Find the nth set bit

If you want to find the nth set bit on a much larger scale, I describe how to do that in this video: (the first portion of the video is counting bits prior to the nth bit, the second part is finding the nth set bit and counting the 0’s below it and immediately above)

2 Likes

Was away for a while; hope I’m not too late to the party. I had the same need a while back for implementing “select” (basically finding the (n-1)th set bit). I ended up with several versions of the functions. I included the fastest versions below. The fastest is using PDEP when it’s available. For non-PDEP systems, divide-and-conquer approach is the fastest, which works on the bits in batches.

/// Finds the bit index of the (n-1)th set bit in a 64-bit word.
inline fn selectInWordSafe(comptime pdep: bool, word: u64, n: usize) ?usize {
    return if (n < @popCount(word)) selectInWord(pdep, word, n) else null;
}

/// Finds the bit index of the (n-1)th set bit in a 64-bit word.
/// Return 64 if not found.
inline fn selectInWord(comptime pdep: bool, word: u64, n: usize) usize {
    return if (pdep)
        selectInWordPDEP(word, n)
    else
        selectInWordDivConquer(word, n);
}

/// Finds the bit index of the (n-1)th 1-bit in a 64-bit word.
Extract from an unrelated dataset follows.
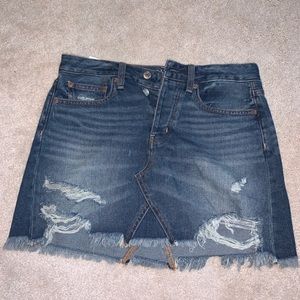 american eagle distressed denim skirt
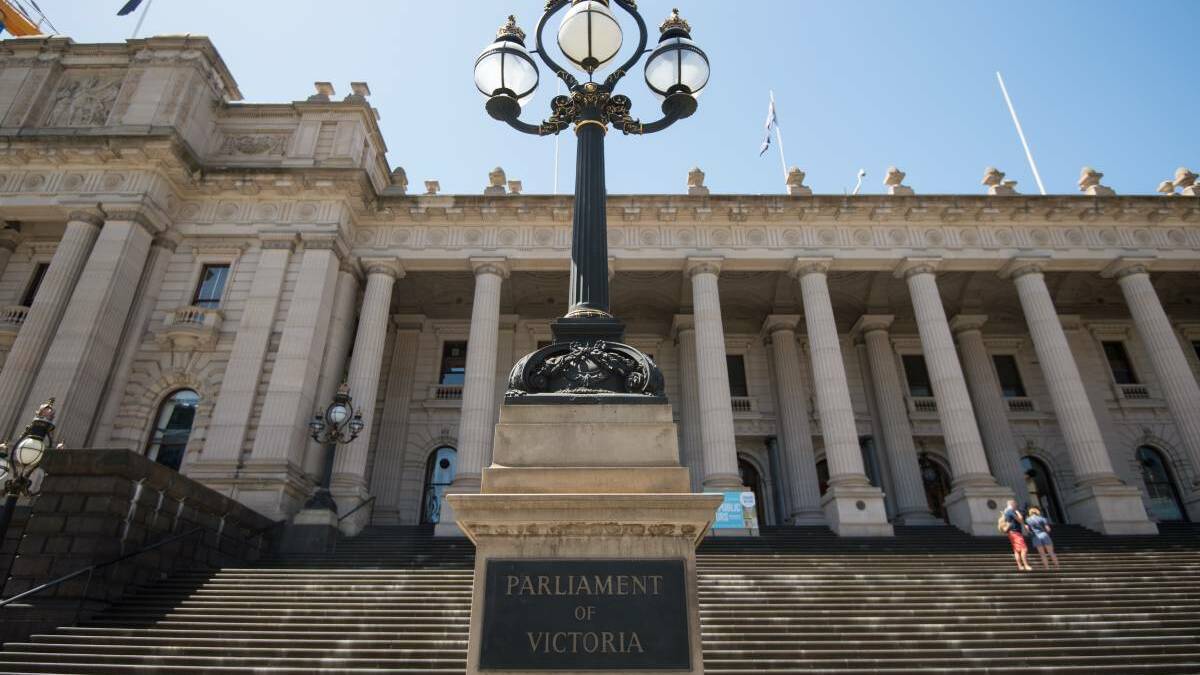 EXCLUSIVE: Former Premiers go head to head on the 2018 Victorian election | VIDEO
PDEP variant.
/// Return 64 if not found.
pub inline fn selectInWordPDEP(word: u64, n: usize) usize {
    // TODO: Use built-in Zip operation when Zig adds support for PDEP.
    const mask: u64 = @as(u64, 1) << @intCast(n - 1);
    const scattered: u64 = asm volatile (
        "pdep %[word], %[mask], %[ret]"
        : [ret] "=r" (-> u64),
        : [word] "r" (word), [mask] "r" (mask)
    );
    return @ctz(scattered);                 // trailing zeros gives the bit index
}

/// Finds the bit index of the (n-1)th 1-bit in a 64-bit word. Divide-and-conquer.
inline fn selectInWordDivConquer(word: u64, n: usize) usize {
    var bits            = word;
    var target          = n;
    var bit_idx: usize  = 0;

    // Split 64 bits into 32-bit halves. Count bits in the lower half in one shot.
    const lower_bit32_count = @popCount(bits & 0xFFFFFFFF);
    if (lower_bit32_count < target) {
        target -= lower_bit32_count;    // discount the lower bits.
        bits >>= 32;                    // remove the lower bits.
        bit_idx += 32;
    }
    // Split the lower 32-bit part into 16-bit halves. Count bits in the lower half.
    const lower_bit16_count = @popCount(bits & 0xFFFF);
    if (lower_bit16_count < target) {
        target -= lower_bit16_count;    // discount the lower bits.
        bits >>= 16;                    // remove the lower bits.
        bit_idx += 16;
    }
    // Further dividing 16-bit to 8-bit or dividing 8-bit to 4-bit doesn't speed things up.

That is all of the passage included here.